··· EXERCISE MATERIALS ···

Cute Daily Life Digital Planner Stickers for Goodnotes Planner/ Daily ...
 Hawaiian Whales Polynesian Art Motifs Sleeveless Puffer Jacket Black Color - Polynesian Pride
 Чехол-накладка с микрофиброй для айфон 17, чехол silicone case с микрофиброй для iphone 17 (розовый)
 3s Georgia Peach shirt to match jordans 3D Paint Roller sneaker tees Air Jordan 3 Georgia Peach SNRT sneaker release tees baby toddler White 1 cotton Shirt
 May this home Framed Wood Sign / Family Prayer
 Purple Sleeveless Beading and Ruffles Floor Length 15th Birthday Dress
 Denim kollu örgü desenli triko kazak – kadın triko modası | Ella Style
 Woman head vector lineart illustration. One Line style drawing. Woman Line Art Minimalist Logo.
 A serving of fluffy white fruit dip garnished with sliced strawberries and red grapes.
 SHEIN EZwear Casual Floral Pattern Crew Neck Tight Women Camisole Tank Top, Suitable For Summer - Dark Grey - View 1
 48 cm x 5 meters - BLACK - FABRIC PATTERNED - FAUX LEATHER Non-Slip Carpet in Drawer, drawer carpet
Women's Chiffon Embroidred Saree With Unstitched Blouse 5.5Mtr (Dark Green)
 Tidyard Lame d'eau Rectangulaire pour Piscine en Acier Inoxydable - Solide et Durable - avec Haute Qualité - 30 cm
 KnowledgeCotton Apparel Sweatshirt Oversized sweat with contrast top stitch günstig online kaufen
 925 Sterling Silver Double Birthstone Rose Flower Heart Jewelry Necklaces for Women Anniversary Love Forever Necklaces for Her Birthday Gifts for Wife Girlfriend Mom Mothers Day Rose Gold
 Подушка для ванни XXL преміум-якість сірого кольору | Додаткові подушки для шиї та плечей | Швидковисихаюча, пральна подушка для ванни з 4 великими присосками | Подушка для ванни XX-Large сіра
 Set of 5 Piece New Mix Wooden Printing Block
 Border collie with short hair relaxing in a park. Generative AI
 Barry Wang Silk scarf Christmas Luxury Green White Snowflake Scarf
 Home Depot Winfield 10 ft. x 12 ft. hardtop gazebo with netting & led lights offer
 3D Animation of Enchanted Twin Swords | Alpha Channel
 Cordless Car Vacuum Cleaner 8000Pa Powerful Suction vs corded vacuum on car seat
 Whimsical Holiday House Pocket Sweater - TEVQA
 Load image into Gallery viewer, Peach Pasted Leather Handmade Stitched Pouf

···

> [EXERCISE DETAILS]:
Only one stretch of the records above is wanted: the lines between the one holding "Denim kollu örgü" and the one holding "Women's Chiffon Embroidred", inclusive, reproduced exactly.

> [SOLUTION FOR THIS TASK]:
 Denim kollu örgü desenli triko kazak – kadın triko modası | Ella Style
 Woman head vector lineart illustration. One Line style drawing. Woman Line Art Minimalist Logo.
 A serving of fluffy white fruit dip garnished with sliced strawberries and red grapes.
 SHEIN EZwear Casual Floral Pattern Crew Neck Tight Women Camisole Tank Top, Suitable For Summer - Dark Grey - View 1
 48 cm x 5 meters - BLACK - FABRIC PATTERNED - FAUX LEATHER Non-Slip Carpet in Drawer, drawer carpet
Women's Chiffon Embroidred Saree With Unstitched Blouse 5.5Mtr (Dark Green)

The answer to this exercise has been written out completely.